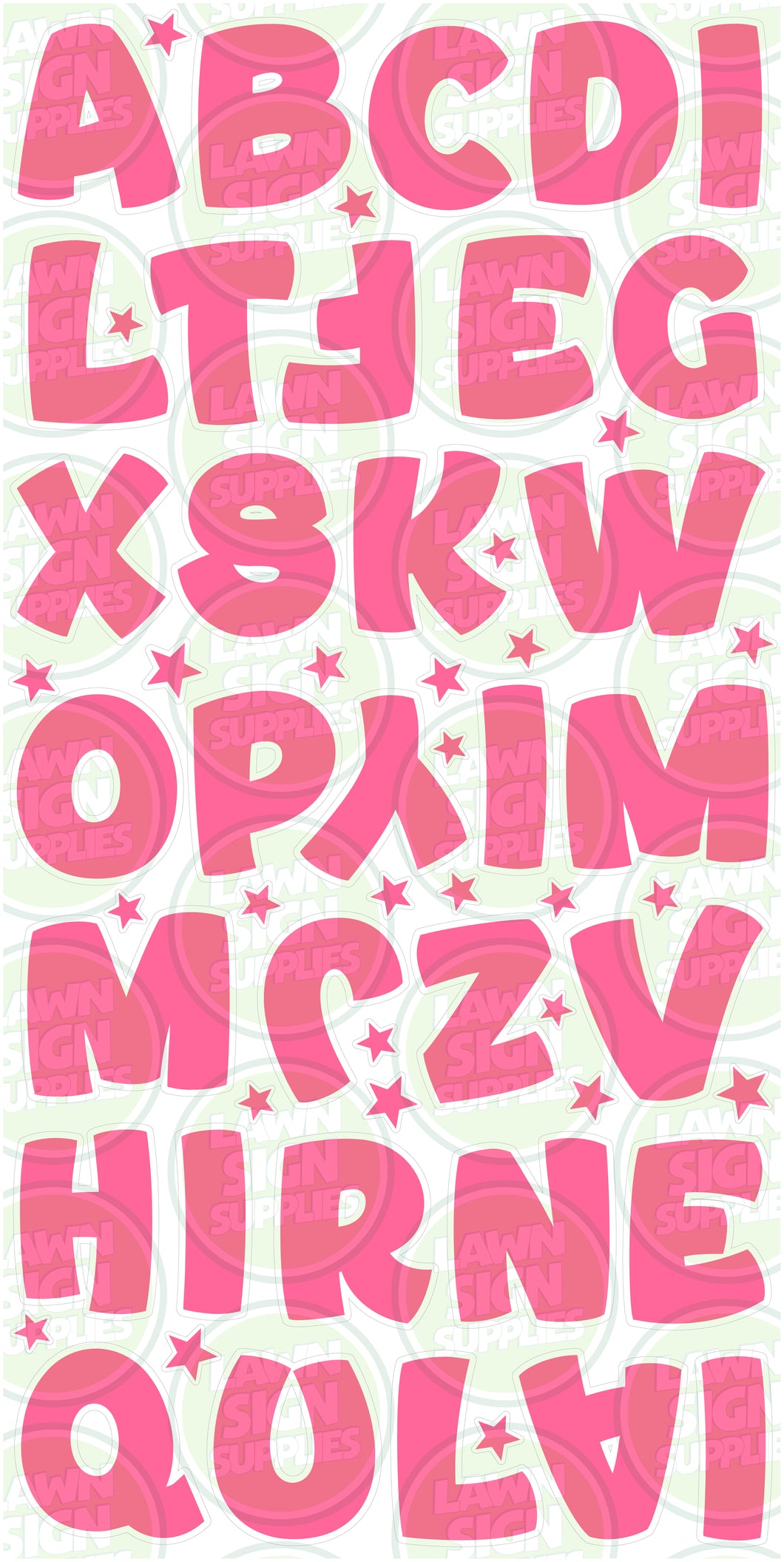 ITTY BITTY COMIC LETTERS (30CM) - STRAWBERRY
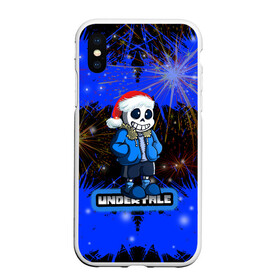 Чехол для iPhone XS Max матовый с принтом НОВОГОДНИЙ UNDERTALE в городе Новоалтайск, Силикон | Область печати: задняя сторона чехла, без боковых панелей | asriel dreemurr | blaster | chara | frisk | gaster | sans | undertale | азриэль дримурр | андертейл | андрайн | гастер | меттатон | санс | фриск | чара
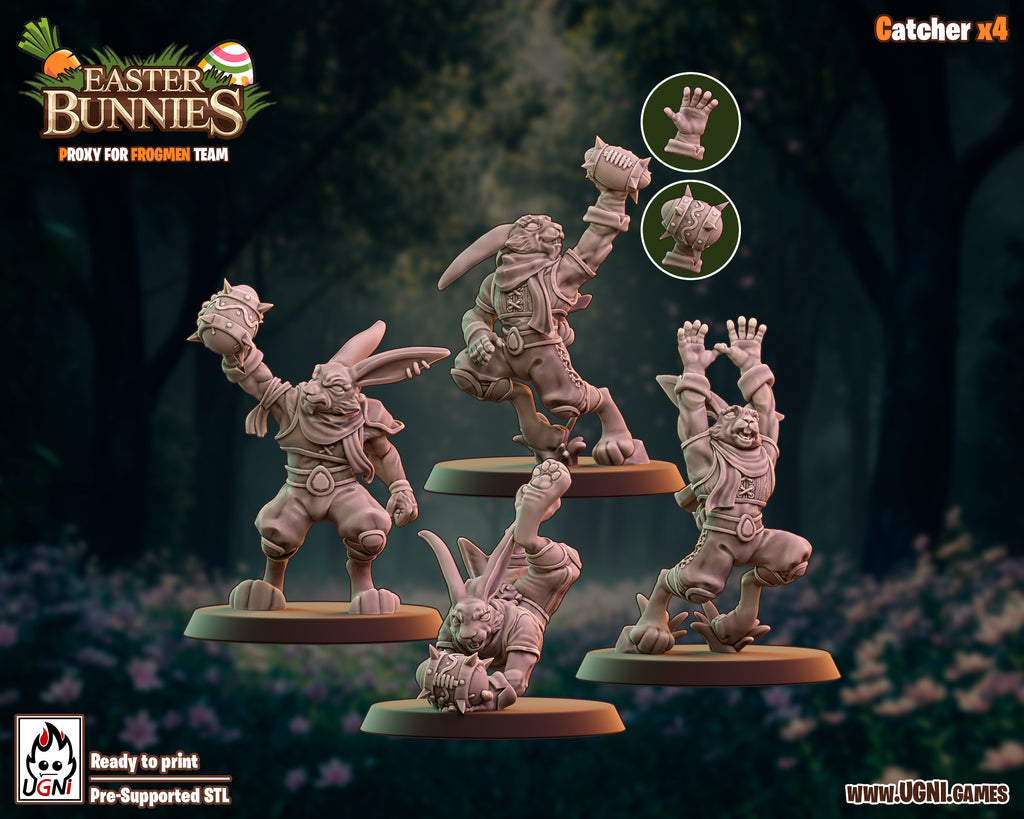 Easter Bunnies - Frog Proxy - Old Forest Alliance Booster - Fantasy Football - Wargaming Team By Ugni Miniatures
* * *
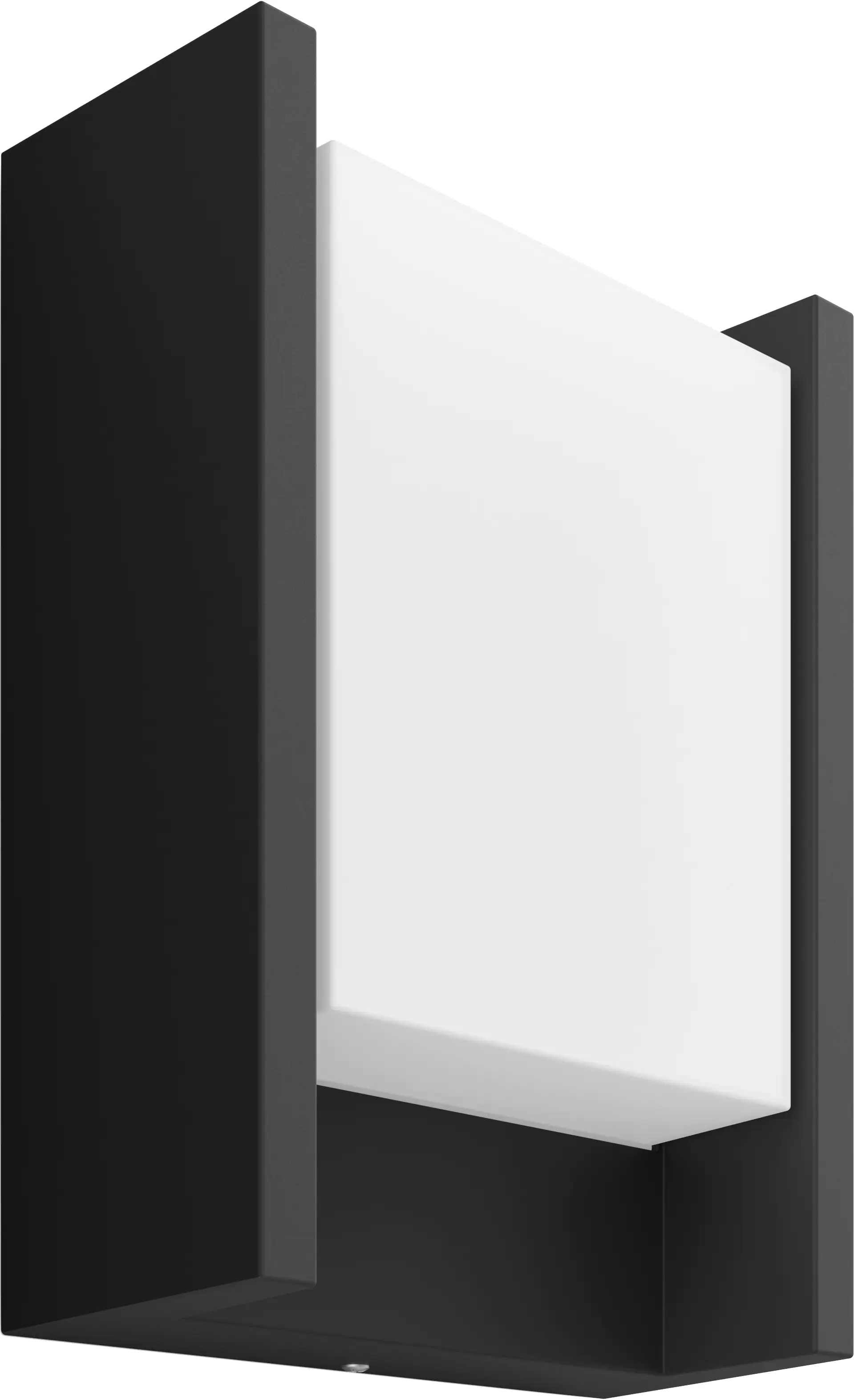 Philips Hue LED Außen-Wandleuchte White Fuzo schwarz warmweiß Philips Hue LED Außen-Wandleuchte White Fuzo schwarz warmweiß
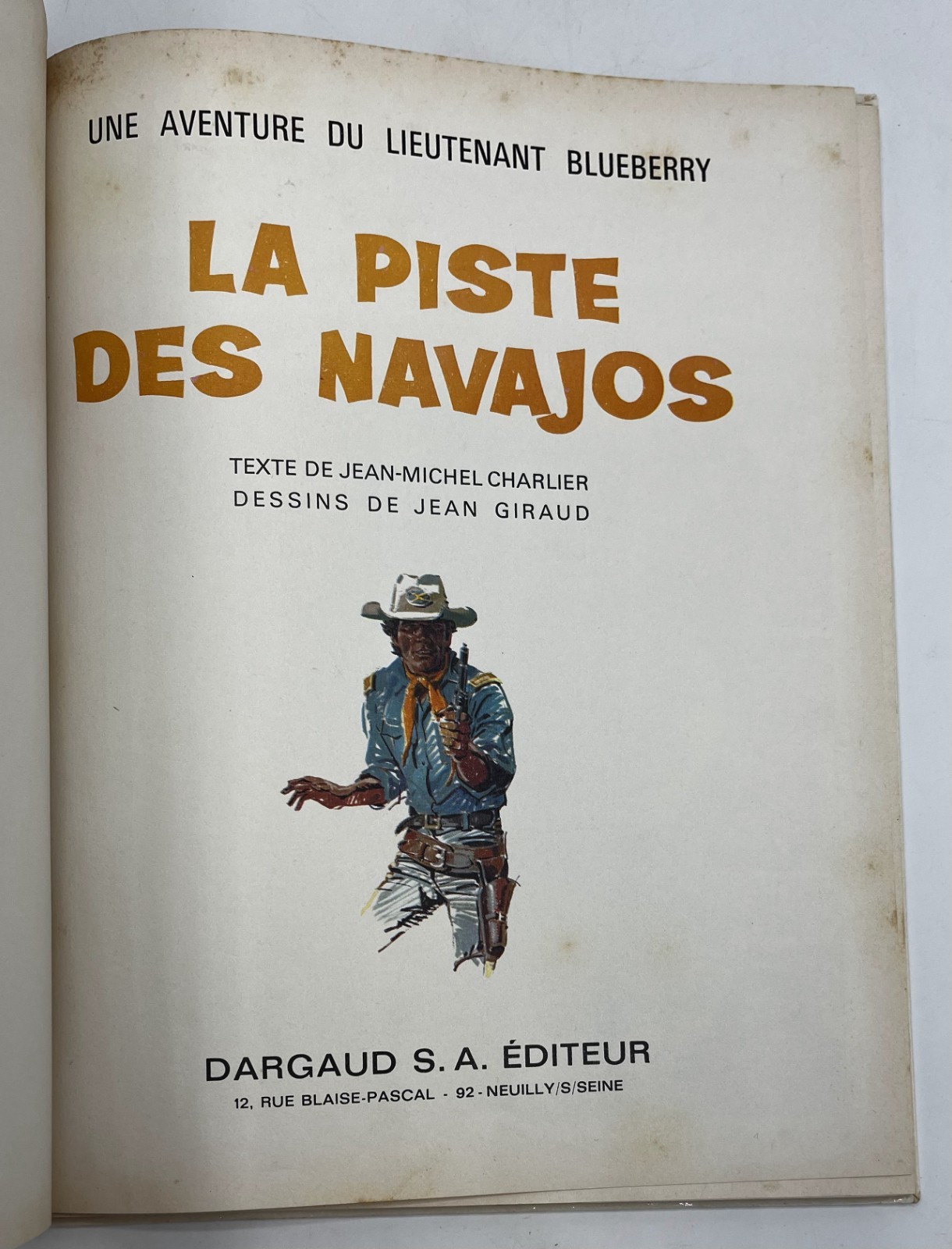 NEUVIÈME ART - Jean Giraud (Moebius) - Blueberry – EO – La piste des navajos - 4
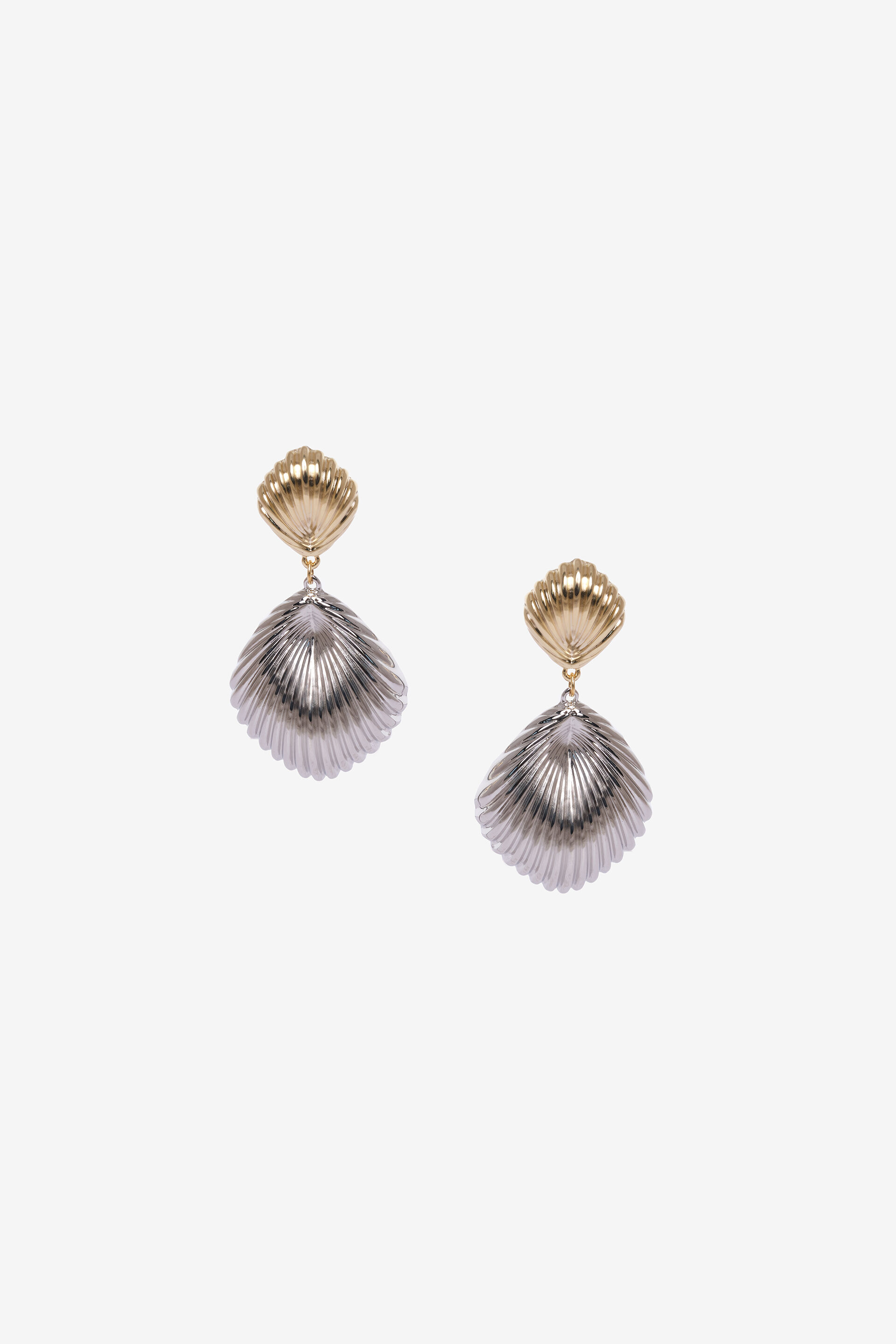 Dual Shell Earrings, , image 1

WHAT IS BEING ASKED
Within the entries above, the lines from the one containing "ITTY BITTY COMIC LETTERS (30CM) - STRAWBERRY" through the one containing "Easter Bunnies - Frog" are to be transcribed exactly, ends included, pictures excluded.

FINISHED TASK
 ITTY BITTY COMIC LETTERS (30CM) - STRAWBERRY
 Чехол для iPhone XS Max матовый с принтом НОВОГОДНИЙ UNDERTALE в городе Новоалтайск, Силикон | Область печати: задняя сторона чехла, без боковых панелей | asriel dreemurr | blaster | chara | frisk | gaster | sans | undertale | азриэль дримурр | андертейл | андрайн | гастер | меттатон | санс | фриск | чара
 Easter Bunnies - Frog Proxy - Old Forest Alliance Booster - Fantasy Football - Wargaming Team By Ugni Miniatures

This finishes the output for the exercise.